Filling a PBO with multiple threads

I allocate a single PBO, map it, and want to use multiple threads to fill faster than it could be filled with a single thread.

Are there any problems or performance issues related to this?

The only thing I can think of, is that you must have NumThreads less or equal NumCPUs as each CPU has a write combiner cache and if you have two threads on the same CPU you’ll screw up the write combining. (Or are write combiner caches not per CPU, but per something else?)

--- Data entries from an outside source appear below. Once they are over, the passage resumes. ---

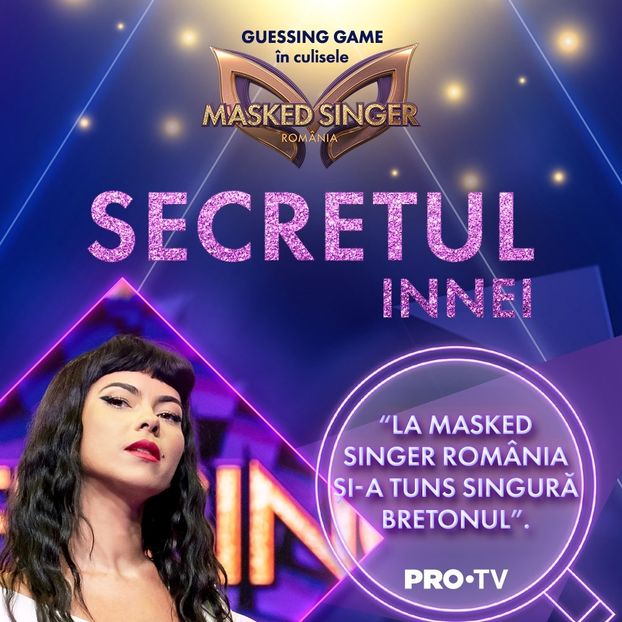 Masked Singer - Masked Singer 2020-Prezent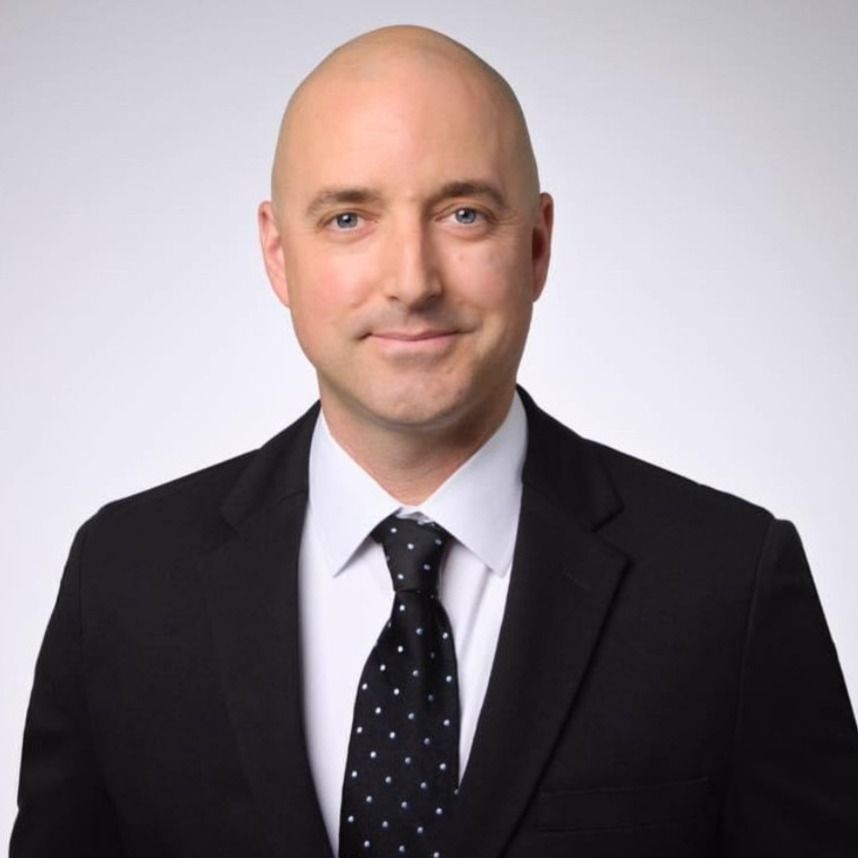 Andrew Horne Personal Real Estate Corporation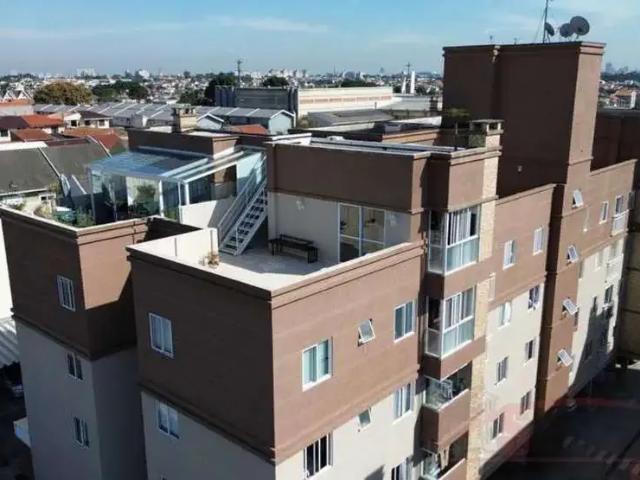 Cobertura venda em Região Geográfica Imediata de Curitiba, Região Metropolitana de Curitiba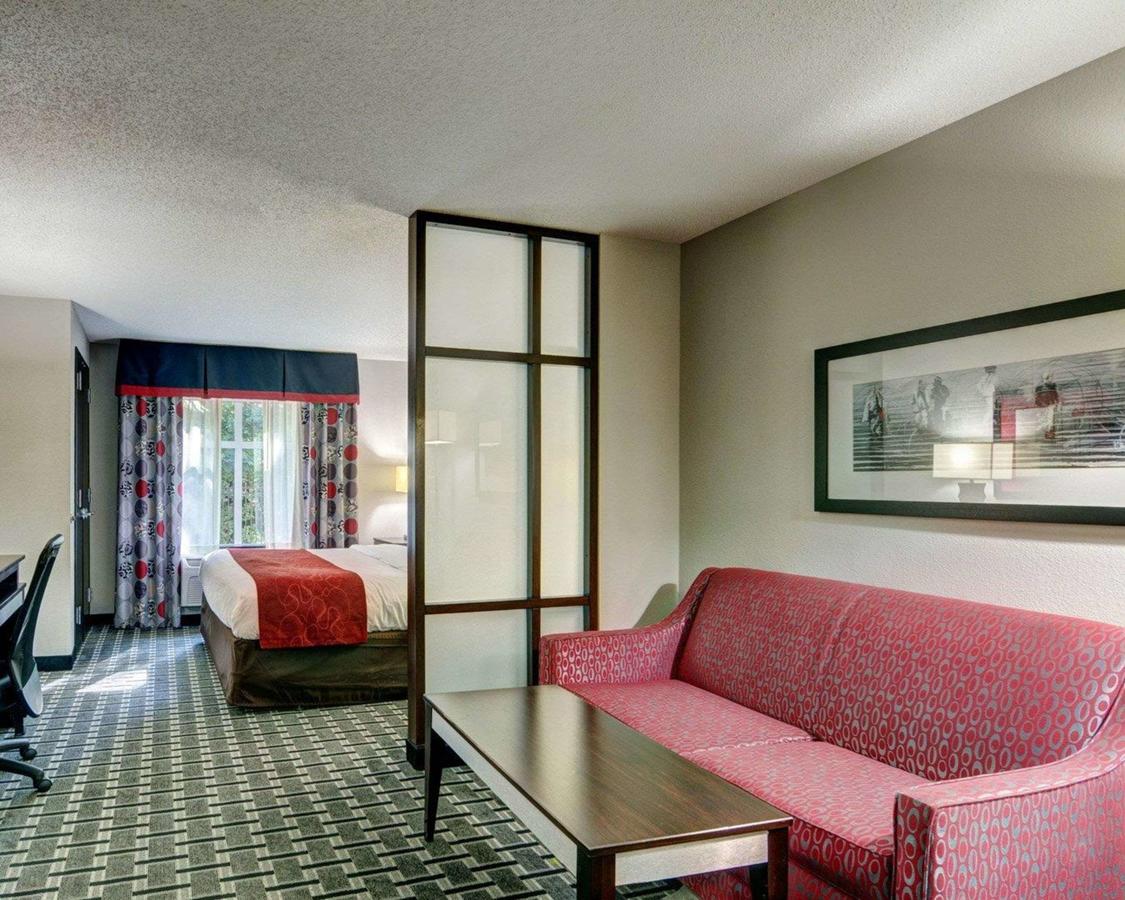 Comfort Suites Williamsburg Historic Area - thumb 13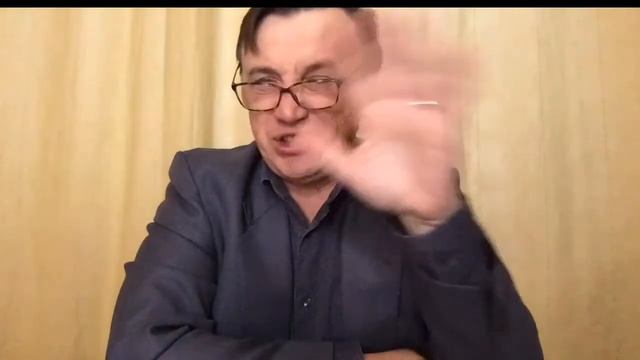 Пастор Андрей Ефимов. Бытие Финал смотреть онлайн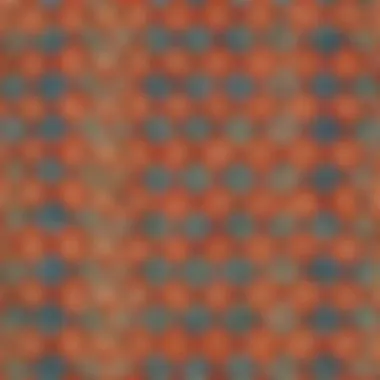 Geometric Patterns for Mathematical Cognition Geometric patterns for mathematical cognition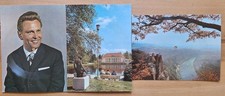 Ddr colorvox phonopostkarten - ddr, 3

Does anyone know if dual core architectures have a write combiner per core?

Just don’t.

Your CPU can write to its caches at tens of GB/s.
Data can go from the CPU to the chipset at no more than 6.4GB/s. Data can travel across AGP at no more than 2GB/s (and a little more for PCIe). So what’s the max bandwidth when moving data from the CPU to graphics memory? Surely that’s determined by the slowest link in the chain, which happens to be AGP or PCIe, unless of course you’re not actually working with a PC architecture.

Pardon my French, but what in the heck are you thinking? You’re trying to widen a bus bottleneck by throwing more CPU at it, all while the CPU is the least of all problems when it comes to data movement. This just can’t work.

I’m using Nvidia’s PBO upload/download test app to find the max bandwidth, and I’m trying to match that. Right now, our CPU usage is maxxed while doing uploading, so I know its a CPU limitation. Two CPUs can generate the data twice as fast.

Summary: our application is not limited in memory bandwidth or AGP bandwidth, but rather how fast the CPU can generate the data and fill the PBO.

Also curious if anyone knows if graphics hardware has special hardware to convert float32 <–> float16 or it uses the host CPU(s) to do it?